IL CELLULARE DI DJUKANOVIC
Successivamente, come mostra il documentario, il premier Blair ha 
avviato una campagna per convincere gli altri leader occidentali 
della necessità di un'invasione via terra, ma, nei fatti, nessuno ha 
dato il proprio sostegno alla sua idea. Allora Blair ha detto che 
rimaneva solo la propaganda e che l'Occidente doveva almeno 
minacciare un'invasione. Sono interessanti anche i retroscena del 
bombardamento di obiettivi in Montenegro, il cui governo, come si 
afferma nel documentario della BBC, ha dato sostegno ai piani della 
NATO. Il presidente Clinton ha raccontato di avere ricevuto, dopo 
l'inizio dei primi attacchi contro obiettivi in Montenegro, una 
telefonata del leader francese Chirac, il quale gli chiedeva 
spiegazioni. Clinton gli ha detto che il bombardamento di obiettivi 
in Montenegro gli era stato chiesto dal presidente montenegrino Milo 
Djukanovic. Il presidente degli Stati Uniti ha affermato di avere 
ottenuto informazioni secondo cui Djukanovic avrebbe chiesto il 
bombardamento delle zone dove erano concentrati i suoi oppositori, 
favorevoli a Milosevic. Il presidente Chirac racconta di avere 
chiamato immediatamente Djukanovic sul suo cellulare e di avergli 
chiesto se era vero. Djukanovic nel documentario della BBC dice 
solamente di avere fatto capire a chiare lettere a Chirac che il 
bombardamento di obiettivi in Montenegro metteva in pericolo il suo 
governo e la sua posizione personale. Dopo questa conversazione, la 
NATO non ha più bombardato il Montenegro. Nel documentario rimane non 
chiarito se ciò che ha detto Clinton è preciso oppure no.

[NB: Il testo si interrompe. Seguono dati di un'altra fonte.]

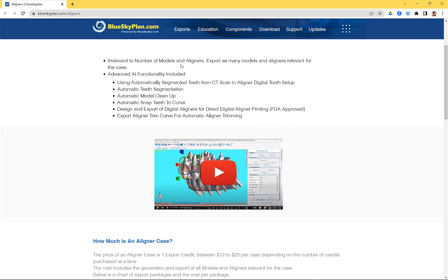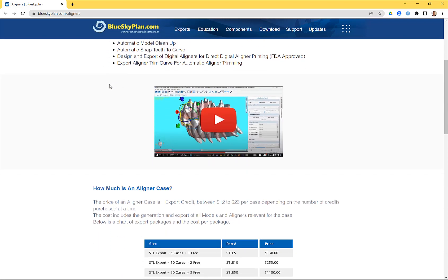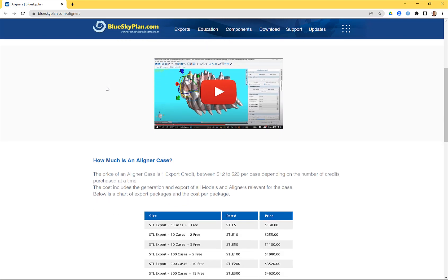The cost is irrelevant to the number of models and aligners — export as many as are relevant for the case and it's all included in that one export credit. All of our advanced AI functionality is also part of it: automatic tooth annotation, segmentation, segmenting CT teeth from the CT scan and automatically aligning it to the segmented teeth from the model, model cleanup, snap teeth to curve, the ability to design the aligners themselves and export STL files (now FDA approved in Blue Sky Plan), and the ability to export the liner trim curve for automatic liner trimming. All functionality for aligner planning is included in the one export credit.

I bombardamenti sono poi finiti, la NATO ha preso il controllo del 
Kosovo e subito dopo il principale punto all'ordine del giorno è 
diventata la lotta politica per abbattere Milosevic. Nell'estate del 
2000 Madeleine Albright ha convocato tutti i suoi più stretti 
collaboratori e ha comunicato loro che la caduta di Milosevic era la 
sua "priorità personale assoluta". L'America ha avviato una massiccia 
campagna di aiuti all'opposizione serba. Nel documentario si parla di 
circa 30 milioni di dollari in aiuti, anche se in passato la stessa 
Washington aveva comunicato di avere investito circa 70 milioni di 
dollari. A quei tempi il maggiore mistero era perché Milosevic avesse 
indetto elezioni presidenziali anticipate. Sua moglie Mira Markovic 
ha dichiarato alla BBC di avere convinto Milosevic a indire tali 
elezioni, perché era convinta che le avrebbe nettamente vinte. Nel 
documentario racconta anche di avere convinto il marito, nel 1996, a 
non riconoscere i risultati delle elezioni locali. Le proteste di 
massa causate dal mancato riconoscimento di tali elezioni sono state 
di fatto, si suggerisce nel documentario, il vero inizio della fine 
del potere di Milosevic.

IL TRADIMENTO DEI "BERRETTI"
In Serbia il lavoro doveva essere condotto dalla DOS, con l'aiuto 
degli americani. Ma come? Il problema principale, racconta Zoran 
Djindjic, era chi proporre come candidato presidenziale. All'inizio 
si è pensato di scegliere tra Djindjic e Vuk Draskovic. Ma, 
soprattutto dopo gli scontri fisici, di cui si sa poco, tra le 
guardie del corpo dei due leader nel corso di una manifestazione 
dell'opposizione, è diventato chiaro che nessuno dei due poteva 
essere candidato. Draskovic non ha nemmeno accettato di entrare a 
fare parte della DOS, perché, come ha spiegato, "non potevo più 
credere a Djindjic". Nel documentario si osserva che dopo la rissa 
tra le guardie del corpo si è verificato l'incidente sull'autostrada 
dell'Ibar, nel quale sono morti funzionari del partito di Draskovic. 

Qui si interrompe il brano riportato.